Re: [Proposal] Global temporary tables

From: Tomas Vondra <tomas(dot)vondra(at)2ndquadrant(dot)com>
To: Konstantin Knizhnik <k(dot)knizhnik(at)postgrespro(dot)ru>
Cc: 曾文旌(义从) <wenjing(dot)zwj(at)alibaba-inc(dot)com>, Pavel Stehule <pavel(dot)stehule(at)gmail(dot)com>, Robert Haas <robertmhaas(at)gmail(dot)com>, PostgreSQL Hackers <pgsql-hackers(at)postgresql(dot)org>, 蔡松露(子嘉) <zijia(at)taobao(dot)com>, "Cai, Le" <le(dot)cai(at)alibaba-inc(dot)com>, 萧少聪(铁庵) <shaocong(dot)xsc(at)alibaba-inc(dot)com>
Subject: Re: [Proposal] Global temporary tables
Date: 2020-01-09 16:48:29
Message-ID: 20200109164829.mdl3z5xalmaqxs67@development
Views: Raw Message | Whole Thread | Download mbox | Resend email
Thread:
Lists: pgsql-hackers

On Thu, Jan 09, 2020 at 02:17:08PM +0300, Konstantin Knizhnik wrote:
>
>
>On 06.01.2020 8:04, 曾文旌(义从) wrote:
>>In the previous communication
>>
>>1 we agreed on the general direction
>>1.1 gtt use local (private) buffer
>>1.2 no replica access in first version
>>
>>2 We feel that gtt needs to maintain statistics, but there is no agreement on what it will be done.
>>
>>3 Still no one commented on GTT's transaction information processing, they include
>>3.1 Should gtt's frozenxid need to be care?
>>3.2 gtt’s clog clean
>>3.3 How to deal with "too old" gtt data
>>
>>I suggest we discuss further, reach an agreement, and merge the two patches to one.
>>
>
>I also hope that we should come to the common solution for GTT.
>If we do not try to address parallel execution issues and access to
>temp tables at replicas (and I agreed
>that it should be avoided in first version of the patch), then GTT
>patch becomes quite small.
>

Well, that was kinda my goal - making the patch as small as possible by
eliminating bits that are contentious or where we don't know the
solution (like planning for parallel queries).

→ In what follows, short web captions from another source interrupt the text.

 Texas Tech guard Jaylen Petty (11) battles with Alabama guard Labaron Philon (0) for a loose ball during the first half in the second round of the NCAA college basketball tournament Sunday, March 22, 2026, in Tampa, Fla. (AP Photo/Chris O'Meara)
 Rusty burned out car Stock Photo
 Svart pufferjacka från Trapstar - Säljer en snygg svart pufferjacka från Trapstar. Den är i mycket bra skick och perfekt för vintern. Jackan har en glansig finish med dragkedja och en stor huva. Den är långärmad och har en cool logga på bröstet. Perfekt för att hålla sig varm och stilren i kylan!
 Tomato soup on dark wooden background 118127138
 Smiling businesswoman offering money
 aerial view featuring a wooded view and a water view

>The most complex and challenged task is to support GTT for all kind of
>indexes. Unfortunately I can not proposed some good universal solution
>for it.
>Just patching all existed indexes implementation seems to be the only
>choice.
>

I haven't looked at the indexing issue closely, but IMO we need to
ensure that every session sees/uses only indexes on GTT that were
defined before the seesion started using the table.

Can't we track which indexes a particular session sees, somehow?

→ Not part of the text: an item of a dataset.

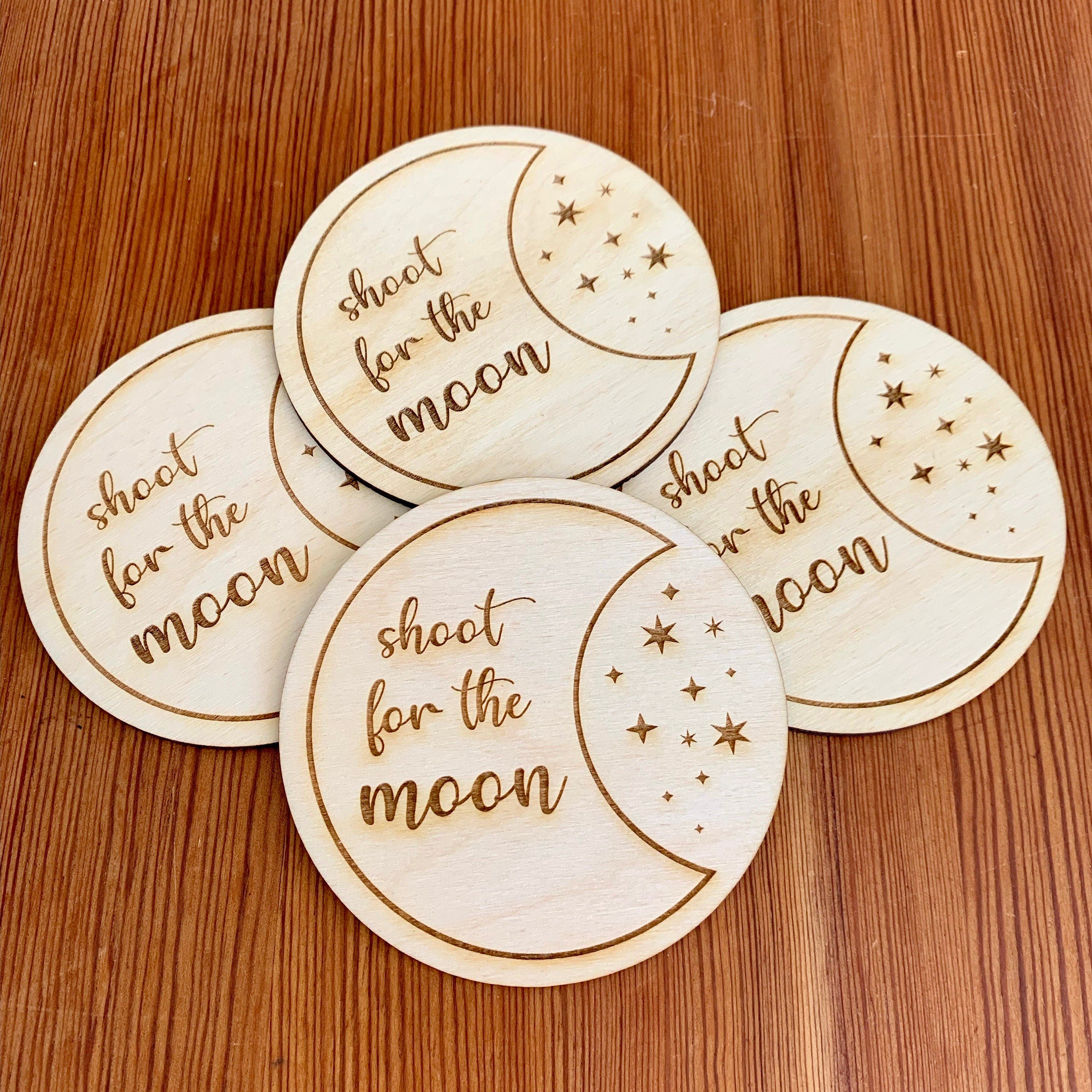 Engraved wood coasters featuring a moon and stars design, made from Baltic Birch, showcasing a rustic yet refined look.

>Statistic is another important case.
>But once again I do not completely understand why we want to address
>all this issues with statistic in first version of the patch?

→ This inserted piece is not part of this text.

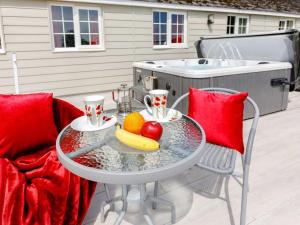 a table with fruit on a patio with a hot tub at 1 Bed in Cinderford oc-88271 in Cinderford +5 photos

I think the question is which "issues with statistic" you mean. I'm sure
we can ignore some of them, e.g. the one with parallel workers not
having any stats (assuming we consider functions using GTT to be
parallel restricted).

>It contradicts to the idea to make this patch as small as possible.

Well, there's "making patch as small as possible" vs. "patch behaving
correctly" trade-off ;-)

>Also it seems to me that everybody agreed that users very rarely
>create indexes for temp tables and explicitly analyze them.

I certainly *disagree* with this.

We often see temporary tables as a fix or misestimates in complex
queries, and/or as a replacement for CTEs with statistics/indexes. In
fact it's a pretty valuable tool when helping customers with complex
queries affected by poor estimates.

>So I think GTT will be useful even with limited support of statistic.
>In my version statistics for GTT is provided by pushing correspondent
>information to backend's cache for pg_statistic table.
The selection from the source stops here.